**EXERCISE INPUT**
*-*-*
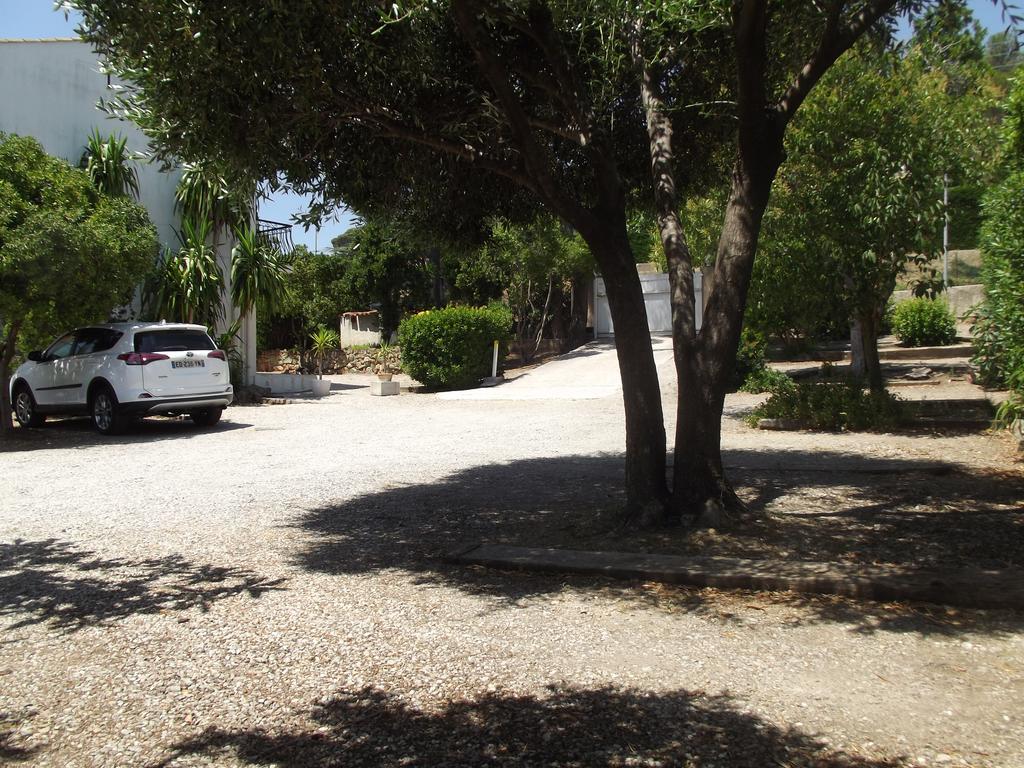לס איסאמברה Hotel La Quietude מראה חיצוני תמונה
*-*-*
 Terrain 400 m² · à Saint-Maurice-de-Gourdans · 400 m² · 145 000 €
*-*-*
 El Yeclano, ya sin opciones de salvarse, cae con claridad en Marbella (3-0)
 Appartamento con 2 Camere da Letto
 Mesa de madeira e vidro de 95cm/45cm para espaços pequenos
*-*-*
**WHAT YOU NEED TO DO**
Please write out, exactly as they appear above, only the lines in the stretch from the line with "Appartamento con 2 Camere da Letto" through the line with "Mesa de madeira".

**YOUR SOLUTION**
 Appartamento con 2 Camere da Letto
 Mesa de madeira e vidro de 95cm/45cm para espaços pequenos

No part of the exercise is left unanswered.